For centuries, outer space has been considered to be one of the great unknowns of civilization- specifically, the different objects that exist. Of those objects, stars are one of the most researched cosmic bodies, and tend to be classified in a specific manner. The classification of stars in galaxies is dependent on a variety of a factors which qualify a star to fall into a certain category. There are many different classifications that are used to categorize stars, and they are called spectral classes/types. 

The classification of stars in these "classes" also corresponds to a diagram known as the Hertzsprung-Russell Diagram, which represents the absolute magnitudes of stars plotted against all spectral types/classes. The spectral classes are in order of descending temperatures- O, B, A, F, G, K, M [1]. This would indicate that an O-type star would be the most hot and bright, while a M-type is the coolest and dimmest. [2]



<a id='hr'></a>
**The Hertzsprung-Russell Diagram**



![HR](imgs/HRDiagram.jpg)

The Hertzsprung-Russell Diagram is a graph that has evolved from its original creation by Danish astronmer Ejnar Hertzsprung and Henry Norris Russell [2]. This diagram ranks the brightness and spectral type against the temperature of the stars in the universe. is shown above [3].

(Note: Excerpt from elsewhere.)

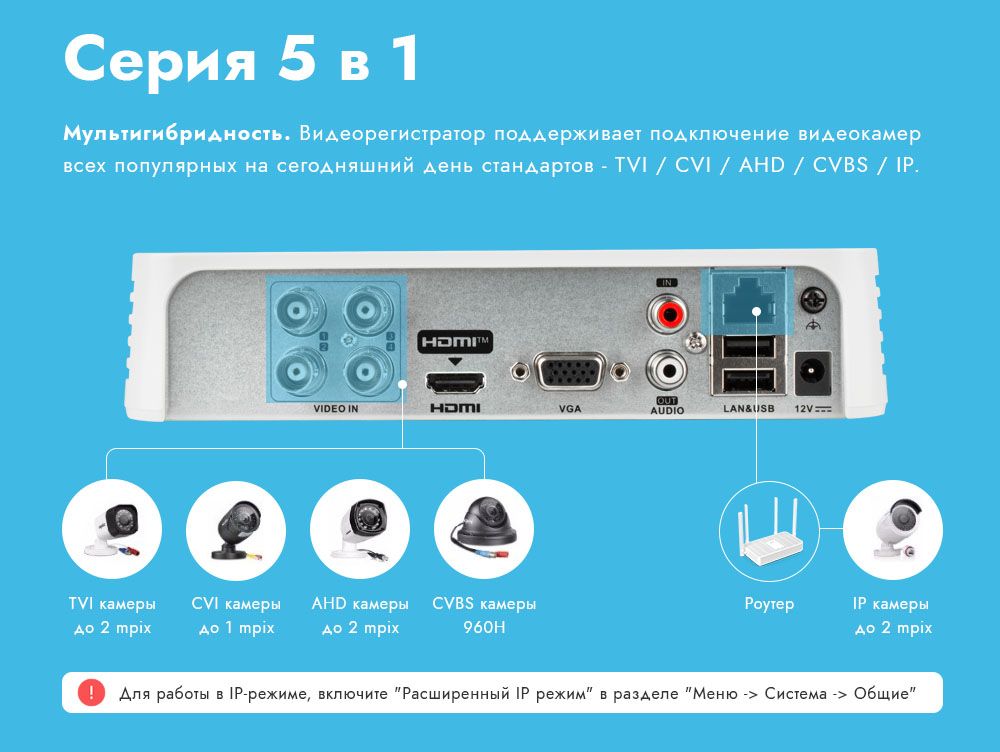 Novicam tr1004a инструкция видеорегистратор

In this encoding of stars with respect to their temperatures, cooler stars have a whiter appearance, with hotter stars represented as warmer and more orange. As shown in the diagram above, the main categories of star naming are Red Dwarf, Brown Dwarf, White Dwarf, Main Sequence, Super Giants, and Hyper Giants. Brown dwarfs are a category of stars called substellar objects, and are smaller than white and red dwarfs, as these are the stars which don't reach nuclear fusion, i.e. they don't "ignite" [4]. White dwarfs are one of the conclusions of a star's life cycle, they are lower in magnitude. Red dwarfs are larger than brown and white dwarfs, they are the largest "dwarf" stars. Main sequence stars make up around 90% of the universe's stars; the end of their life cycles means they leave the main sequence, and become white dwarfs [4]. Finally, super and hyper giants are the biggest stars in the universe- hypergiants tend to be larger than super giants. Both star types do not become white dwarfs; and they "die off" by exploding as supernovae. 

Because there is a never-ending amount of stars, and our universe keeps expanding, the idea of star classification has no limit, which is the driving force behind our research question and hypothesis.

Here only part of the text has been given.